Bom espetáculo! Amém!

Atualizando: a querida mentora do Sexta de Ideias, a Cris, mostra hoje como segredar de um jeito muito fofo, a Carol, a fazer um borboletário lindinho , e a Bela revela as manhas para confeccionar um saquinho de tecido com o capricho que diferencia suas peças. Vale conferir, vale participar também!

segunda-feira, 18 de julho de 2011

Uma fadinha grávida

Parece que está virando moda anunciar presentinhos primeiro aqui e esperar a reação do presenteado, rezando para que ele dê uma passadinha pelo Amém e seja surpreendido. Quando isso não acontece espontaneamente, não resisto e deixo um recadinho no e-mail, do tipo: "Tem uma surpresinha pra ti lá no blog"!, como fiz com a Jane. É legal ver que logo, logo a visita bate à porta e dá retorno, faceirinha.
Parece também que nos últimos tempos, esses gelados, chuvosos e de rotina alterada pela atenção à minha mãe, a síndrome de caracol vem fazendo casa em mim. Encolhida na rotina, estar com as pessoas queridas virou artigo de luxo, e tem me feito muita falta a companhia delas. Até mesmo os aniversários, sagrados na minha agenda, nesse semestre muitos ficaram sem o abraço ao vivo. Assim foi com a Tina, sobrinha que é vizinha de muro, e que mesmo com a proximidade, acreditem, recebeu os parabéns por torpedo. Questiono se essas facilidades atuais não estão também a serviço do distanciamento, quando tanto aplaudimos as distâncias encurtadas que elas nos oferecem. Com certeza, há algumas poucas décadas, sem os recursos virtuais de hoje, nem o frio, nem a chuva, nem o cansaço justificariam deixar de abraçar uma pessoinha especial. Mas, saudosismo não parece muito produtivo...

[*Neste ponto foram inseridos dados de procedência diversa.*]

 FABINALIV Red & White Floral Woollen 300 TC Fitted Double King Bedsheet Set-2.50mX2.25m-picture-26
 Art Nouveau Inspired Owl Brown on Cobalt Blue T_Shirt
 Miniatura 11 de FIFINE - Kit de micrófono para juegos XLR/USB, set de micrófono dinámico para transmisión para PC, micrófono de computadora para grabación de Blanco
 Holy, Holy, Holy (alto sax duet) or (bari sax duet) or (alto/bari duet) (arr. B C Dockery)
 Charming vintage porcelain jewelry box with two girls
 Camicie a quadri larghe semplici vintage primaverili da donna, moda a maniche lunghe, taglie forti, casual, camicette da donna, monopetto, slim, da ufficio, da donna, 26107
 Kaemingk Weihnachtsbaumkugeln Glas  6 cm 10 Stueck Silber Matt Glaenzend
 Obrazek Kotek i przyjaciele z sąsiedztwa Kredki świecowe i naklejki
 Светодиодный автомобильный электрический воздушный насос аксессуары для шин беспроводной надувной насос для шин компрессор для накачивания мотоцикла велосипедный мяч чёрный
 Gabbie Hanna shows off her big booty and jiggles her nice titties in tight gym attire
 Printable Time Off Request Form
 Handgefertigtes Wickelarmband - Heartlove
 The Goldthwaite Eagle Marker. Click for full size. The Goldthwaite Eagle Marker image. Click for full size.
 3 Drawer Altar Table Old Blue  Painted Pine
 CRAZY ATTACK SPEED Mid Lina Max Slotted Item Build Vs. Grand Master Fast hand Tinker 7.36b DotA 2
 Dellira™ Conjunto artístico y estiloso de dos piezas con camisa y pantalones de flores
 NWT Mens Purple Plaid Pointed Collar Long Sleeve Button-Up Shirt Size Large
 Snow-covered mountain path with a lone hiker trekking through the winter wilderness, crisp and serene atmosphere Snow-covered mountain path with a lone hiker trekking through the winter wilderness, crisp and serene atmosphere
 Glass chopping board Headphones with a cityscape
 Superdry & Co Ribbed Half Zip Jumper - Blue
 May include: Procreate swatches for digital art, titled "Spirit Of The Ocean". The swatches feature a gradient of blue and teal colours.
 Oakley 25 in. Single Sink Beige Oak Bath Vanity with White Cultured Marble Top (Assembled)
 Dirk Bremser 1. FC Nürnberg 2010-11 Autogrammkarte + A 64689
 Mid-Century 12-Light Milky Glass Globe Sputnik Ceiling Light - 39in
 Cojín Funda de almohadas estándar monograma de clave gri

O post então é outra ferramenta moderna para tentar me redimir pela dupla falta com a mãe do Murilo. Dupla porque também ainda não a apertei contra o peito para dizer-lhe da alegria de vê-la grávida pela segunda vez para nos presentear com mais um(a?) sobrinho(a?)-neto(a?).

Para tocar a alma daquela menininha que circulava livre pelo nosso pátio numa época em que não nos preocupávamos com muros e portões (ô saudismo que não larga do meu pé), fiz uma fadinha. Delicadamente exibida como só as grávidas conseguem ser, abraça a barriguinha.



Cabelos fartos, presos, e asinhas de folhas de roseira.
Que ela fique como lembrança desses meses de espera pela reedição do maior milagre da vida. Que ela abençoe o novo amor dessa querida familinha. Amém!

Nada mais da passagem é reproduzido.